Scrambled versions of the word and face images were created by taking the Fourier transform of the word or face images, randomly permutating the phase information, and inverting the Fourier transform (after Eger et al. 2005). These scrambled images had similar SF content to the conditions of interest but without any meaningful structure or semantic content.

Stimuli for the SF mapping scans were whole-screen grayscale sine-wave gratings, ranging from 0.05 to 7 cpd. Gratings were presented in smoothly ascending or descending sequence over a 64-s period. Grating orientation changed by random increments approximately every 800 ms throughout the cycle.

Experimental Procedure

The localizer scan was acquired first and comprised 1 fMRI run lasting approximately 8 min. Within the run, there were 6 repetitions of the 4 experimental conditions: words, faces, scrambled words, and scrambled faces. A block design was used, with 12.6 s per block and a 6-s fixation period between blocks.
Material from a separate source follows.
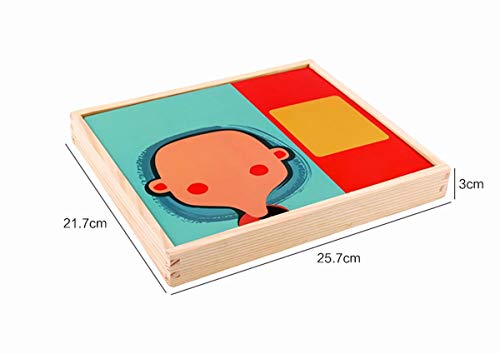 Wooden Magnetic Jigsaw Puzzles Toy, Toddler Craft Toys Educational Travel Puzzle Games Double Sided Drawing Easel for Boys and Girls QIAONIUNIU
Block order was pseudorandomized to avoid order effects between conditions and to maximize the number of transitions between conditions. Within each block, there were 14 trials. In each trial, a stimulus was presented centrally on the screen for 300 ms, followed by a fixation cross for 600 ms. A dot-detection task was used to maintain participants’ attention during the run: They were instructed to respond by button press whenever a red dot appeared on a stimulus, which occurred once or twice within each block.

The SF mapping data were acquired in 2 runs: In one, the 64-s SF cycle ranged from low to high, and in the other, it ranged from high to low. Run order was counterbalanced between participants. In each run, 8 immediately consecutive repetitions of the 64-s SF sweep were presented. There were occasional catch trials (ca. 24 per run) where participants were required to detect a rapid doubling or halving of SF and respond with a button press. This ensured that attention to the stimuli was maintained throughout the run.

Image Acquisition and Analysis

Data were acquired on a Siemens Avanto 1.5 T MRI scanner with a 32-channel head coil. A whole-brain T1-weighted structural scan was acquired for registration purposes. The functional runs used a T2*-weighted echo planar imaging sequence with time repetition (TR) = 2 s and time echo = 39 ms. The field of view was 205 mm, and the slab consisted of 24 slices of 3.2-mm thickness acquired in an interleaved order. Partial field-of-view acquisition allowed a fast repetition time without compromising on voxel size. The slab covered the occipital and ventral occipitotemporal areas of interest but not the dorsal parietal or frontal lobes or cerebellum. Two hundred and fifty-six volumes were acquired for each run.

Data were analyzed using tools from the Oxford Centre for Functional MRI of the Brain's Software Library (FSL) (Smith et al. 2004). A 2-stage linear registration was used to align functional data to structural images and structural images to Montreal Neurological Institute (MNI) standard templates. Functional data preprocessing included high-pass filtering, motion correction, and smoothing using a 7-mm full-width at half-maximum (FWHM) gaussian kernel.

For the functional localizer scan, the general linear model (GLM) modeled the face, word, scrambled face or scrambled word stimuli as explanatory variables (EVs), convolved with a hemodynamic response function (HRF). Within the timecourse of each EV, the onset of every stimulus was modeled. The temporal derivative of each EV was modeled to improve the sensitivity of the model. Motion parameters were entered into the GLM as confounding variables of no interest. Statistical contrasts of faces versus scrambled faces and words versus scrambled words were evaluated. Single subject data were analyzed at the first level, and the resulting contrasts were passed forward to a mixed-effects group-level analysis. Z statistic images were thresholded at z > 2.3 and a cluster-corrected significance level threshold of P < 0.05 (Worsley 2001). A mask of the fusiform gyrus in both hemispheres was created based on the Harvard–Oxford Cortical Structural Atlas. Voxels within this mask that were statistically significant in either of the 2 contrasts were combined to produce a binary mask spanning word/face preferential fusiform areas (hereafter called the functional localizer mask).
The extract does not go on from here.